The 56-year-old ‘sehariwala’ completes his work by quarter past four, about 15 minutes before sunrise, to have his meal before the fasting begins.

Sheikh is among the few practitioners of the dying Ramadan tradition, which believes in waking people up for sehar. This is a tradition that dates back to a time when people did not have access to clocks and needed someone to inform them about the time.

Sheikh during wake-up call. Image Source: Dawn.com
Sheikh during wake-up call. Image Source: Dawn.com

The practice is popularly known as Musaharaty in Egypt and those carrying it out are called El Musaharaty. In Kashmir, the people who sustain the tradition are known as Sehar Khans.

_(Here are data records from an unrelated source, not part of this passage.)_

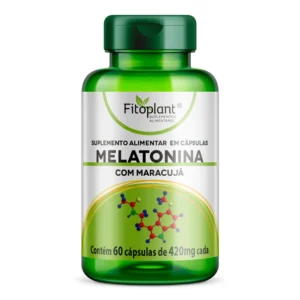 Melatonina 420mg 60Caps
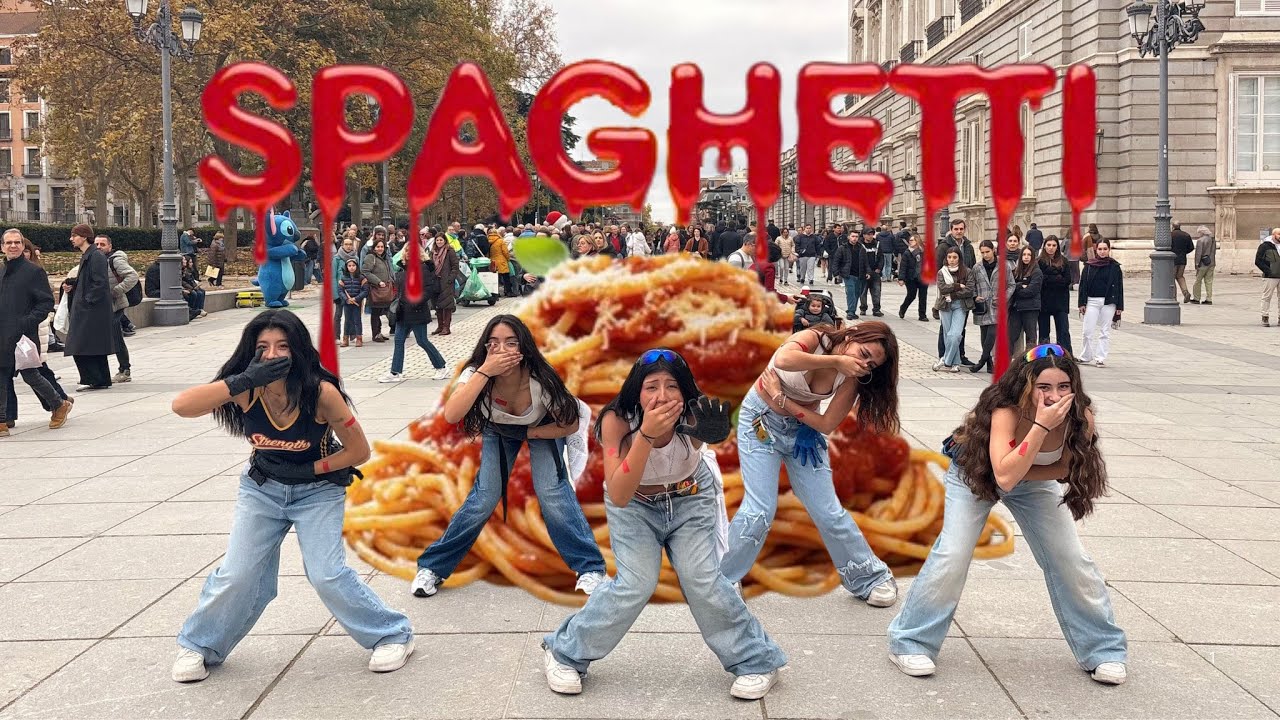  [KPOP IN PUBLIC | ONE TAKE] LE SSERAFIM (르세라핌) – Spaghetti | Dance Cover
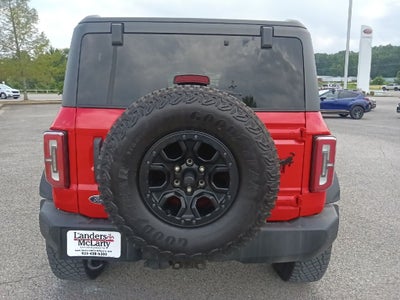 2022 Ford Bronco Wildtrak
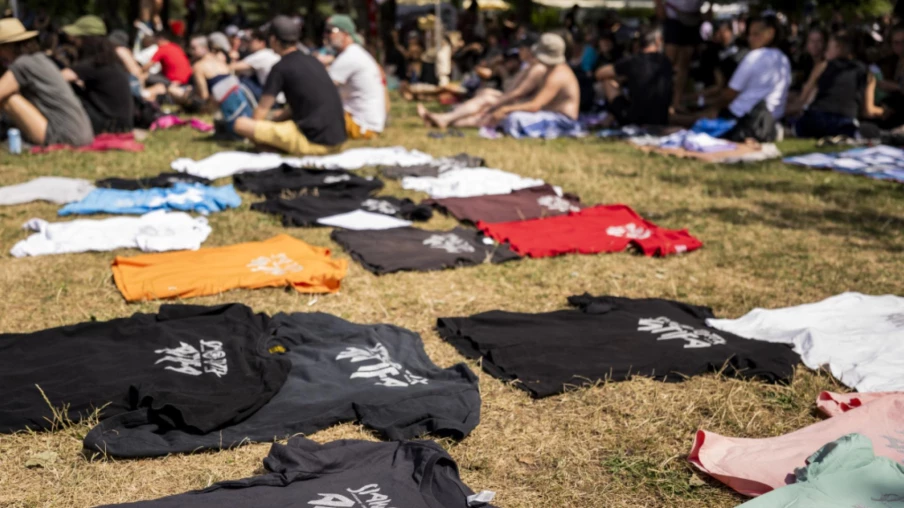 Pique-nique antifasciste à Vidy : des centaines de personnes mobilisées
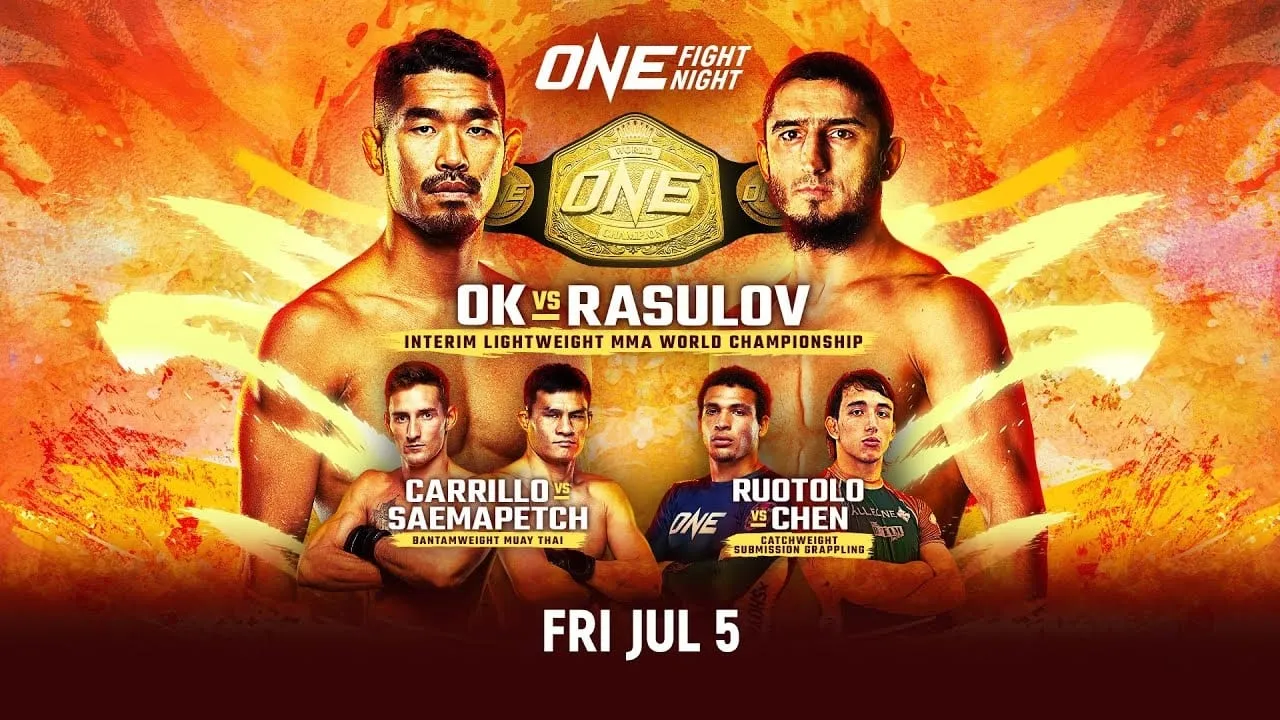 ONE Fight Night 23: Ok vs. Rasulov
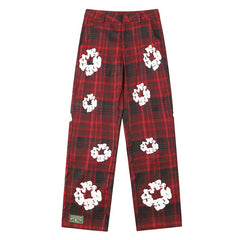 Denim Tears kapok Flower Pattern Printed Sweatpant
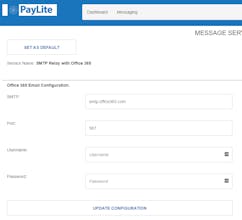 PayLite Communication API gallery image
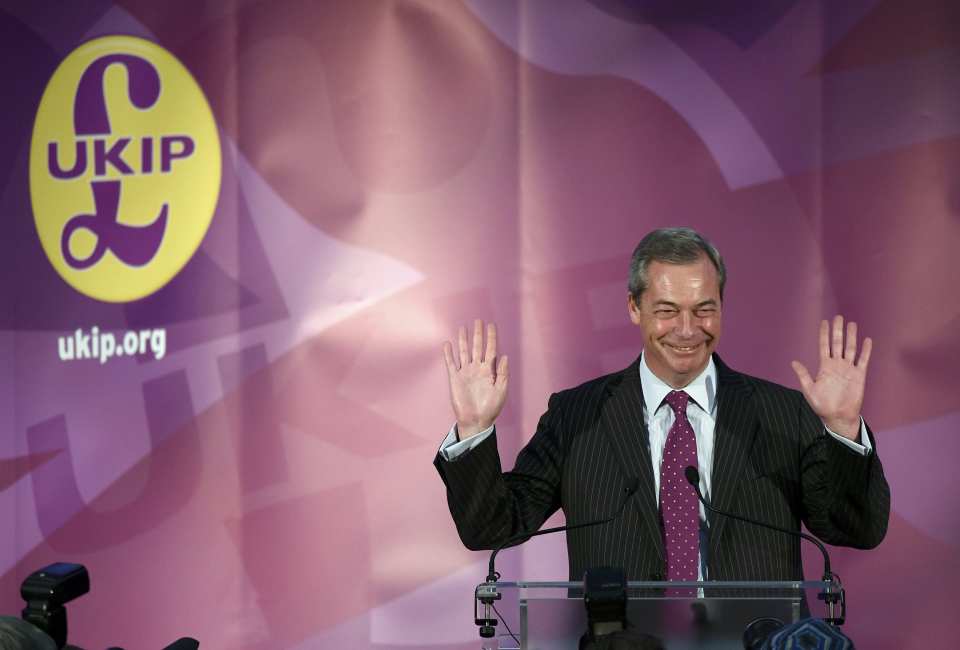 Nigel Farage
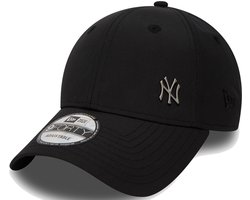 New Era MLB Flawless Logo Basic  940 New York Cap - Black - One size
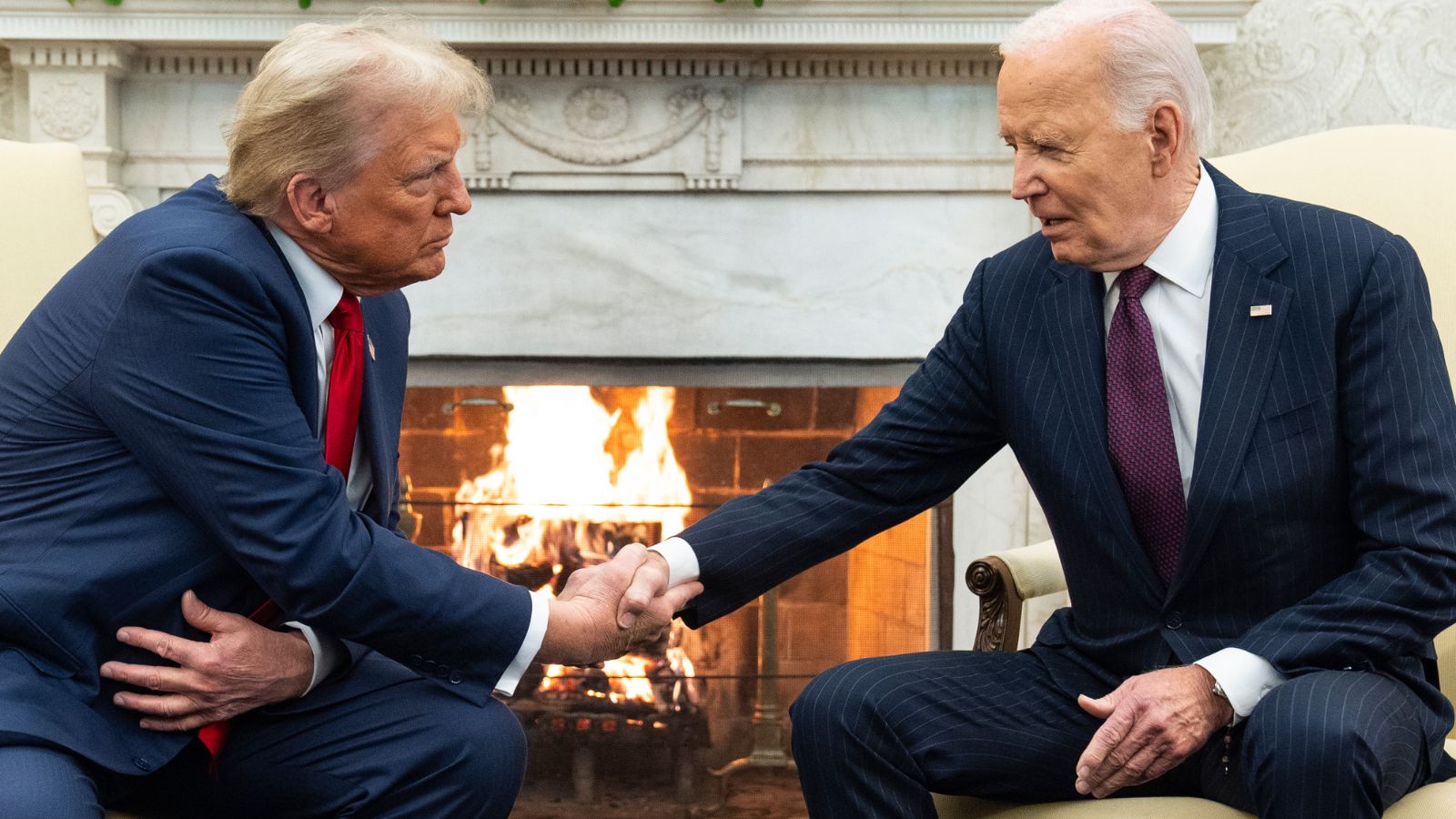 Economy In Focus: Powell And Trump Meet At The White House Economy In Focus: Powell And Trump Meet At The White House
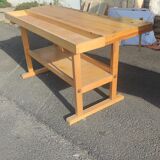 Solid beech workbench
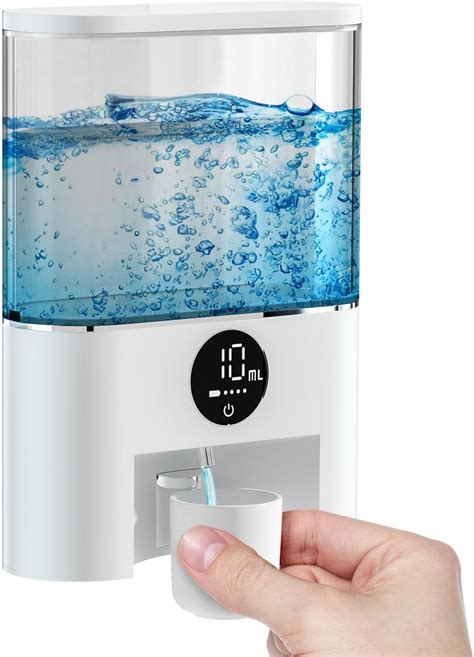 Amazon Cabo Deseado Automatic Mouthwash Dispenser For Bathroom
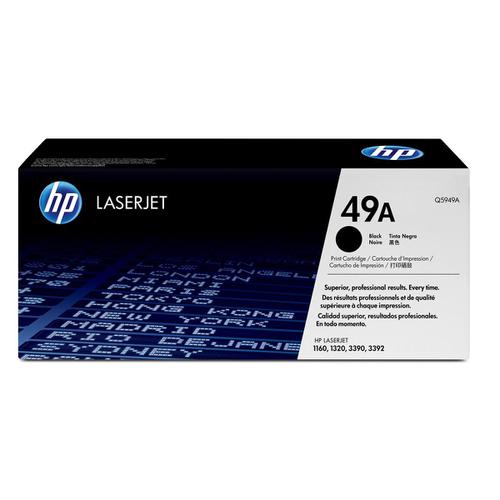 HP+49A+Laser+Toner+Cartridge+Page+Life+2500pp+Black+Ref+Q5949A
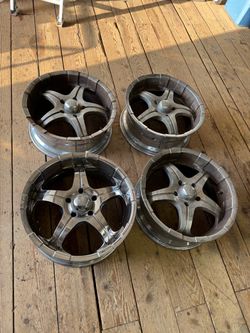 Set of rims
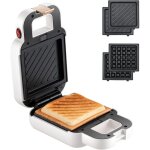 Mini appareil � sandwichs, appareil � petit - d�jeuner l�ger pour la maison, grille - pain � sandwichs ...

Unfortunately, Sehar Khan or the El Musaharaty, is becoming increasingly extinct as people hugely rely on their mobile phones or alarm clocks to tell them time.

Sheikh started with his Ramadan walks when he was in his mid-30s. His wife passed away when he was 22 and their son died soon after he was born.

Talking to Sroll.in, he revealed, “In the beginning, I would walk up to the last floor in each building and call out to people. Now, I am too old to do that so I have this megaphone.”

Saif Sathi, who has grown up seeing Taj Bhai completing his twilight walks feels, “There are so many people who don’t have anyone to wake them up.”

Sathi added, “People who sleep on the streets, for one thing. Even the local mosque has no one to wake them up. My family, too, relies on his call to awaken.”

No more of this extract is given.